The piece was performed on 9 September at The Place.

By: Sep. 10, 2023

Review: THE REVENGE OF POPPERFACE, The Place "Content Warning - this performance contains nudity, haze and fake blood" - welcome to the Autumn season at The Place!

The Revenge of Popperface by Gareth Chambers invites the audience to muse over "an experimental exploration of masculinity" through the occult and opera no less.

Chambers is the kind of choreographer one should know about but probably doesn't. Why? A subculture of creativity? Very likely…as these types of makers aren't guaranteed commercial successes; they're aiming to challenge the sector rather than sedate it.

The Place theatre had been altered to offer a new 'front' and seating on three sides of the space. The set design is 'snuff movie via a satanic cult at ritual time' realness: black plastic, red hue lighting, incense burning and a pair of legs belonging to a dead person one assumes.

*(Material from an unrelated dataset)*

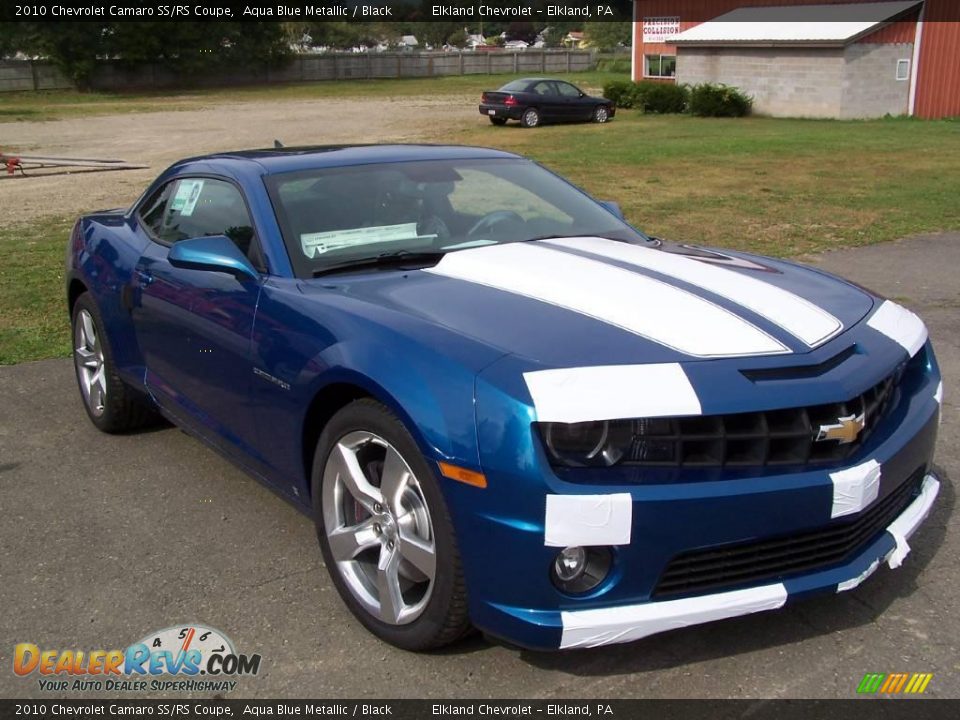 2010 Chevrolet Camaro SS/RS Coupe Aqua Blue Metallic / Black Photo #10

The cast of two, Richard Pye and Joseph Grey Adams, are dressed in suits wardening the space until they turn to face the disheveled plastic mound and the ceremonial journey begins.

The ritualistic movement starts on all fours with generous upper body undulations signifying intoxication, and the arrival of a new state. Chambers captures the euphoric state of drug taking through movement with skill, as one clearly sees a shift, where pleasure becomes paramount and inhibitions are lost. He uses slo-mo, suspension and spatial tension to communicate the altered mental and physical conditions, and it's an interesting watch.

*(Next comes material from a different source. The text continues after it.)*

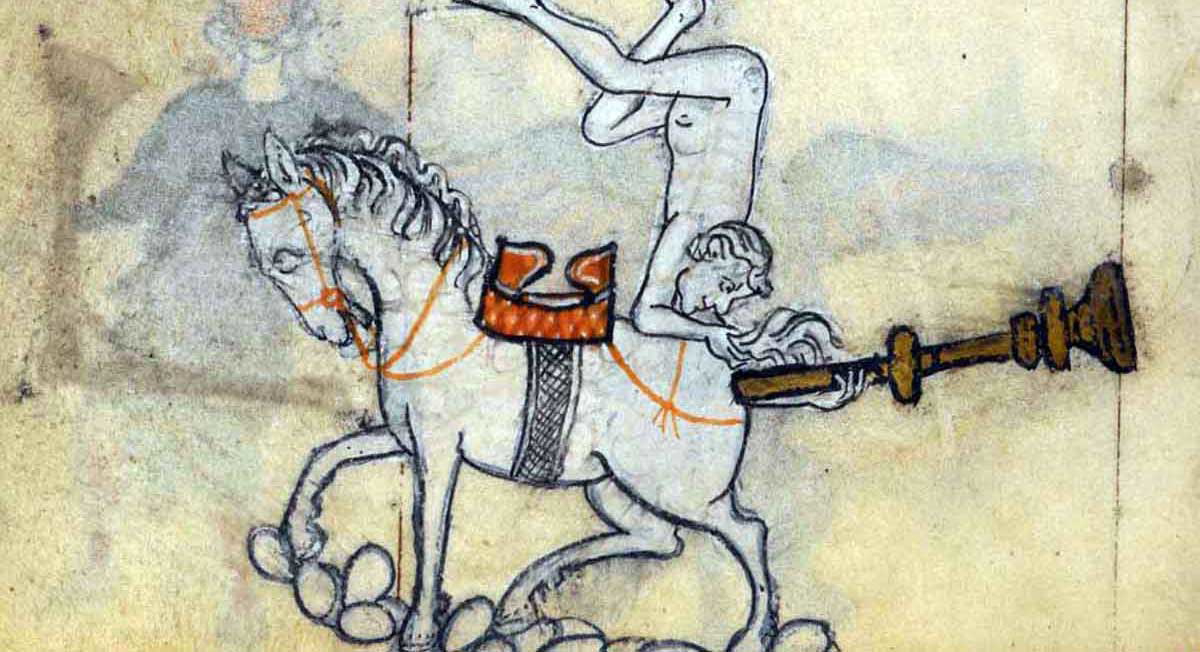medieval manuscript obscene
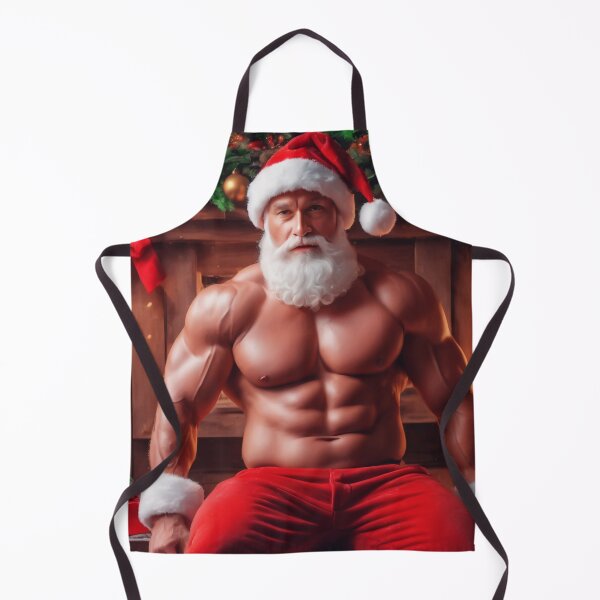 Item preview, Sexy Shirtless Ripped Christmas Santa Claus designed and sold by Bunmigraphics .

The less attractive side of drugs also feels evident, with the two men communicating frustration and paranoia through movement that reads like wrestling with oneself. Bound, aggressive and with audible breath they seem equally divided between turmoil and ecstasy.

At this point one man moves to the side (there are no wings) and undresses. In the moment it feels somewhat awkward, not the inevitable nakedness, but the mundane action of slowly undressing while being watched.

The naked body is always interesting to observe, in both form and movement, and especially when viewed under down lighting as all minutiae is amplified. The naked man now proceeds to undress his counterpart, yet none of this feels overtly sexual (to me), although the already evident power struggle keeps flitting between the two - dominant versus submissive etc.

Once both naked they have a good old tussle, and why not. Masculinity has many facets, and the necessity to prove physical strength is absolutely one of them, often followed by sexual need. Throughout the work, text is projected onto the black wall backdrop, confirming when acts begin and also sharing profound statements in Old English (which feels a bit lazy and disconnected). Mid show we're told there's an interval and the two men proceed to have a vape and a can of Monster Energy each - what a larf. Couldn't be a San Pellegrino natch. 

When things continue we get the (faux) blood element. They pour the liquid over each other in a ceremonial way and off they go, on a slippery sucker exploration of the space and each other's bodies. It's mesmerising to watch, and will take a huge amount of sensitivity and improvisational expertise to do so seamlessly. It goes on for a while, which isn't a problem, and then ends weakly with the two men repeating wrestling style holds. 

The climax of the piece sees the dead legs actually come back to life, and a third man join the festivities. As the soundtrack (what I imagine space to sound like with Amanda Lear lost in it) by Cathedral Hygiene disappears we hear man number three grunting like there's no tomorrow and then the piece is over.

Is there a bigger message behind all of this? I actually don't know, or if there is it wasn't clear to me. It also feels important to contemplate what would be left behind if all the props and visual design elements were taken away. I understand that any work is more than one thing, but as it stands this (dance) piece is mostly about atmosphere, paraphernalia and committed performances. Is that enough?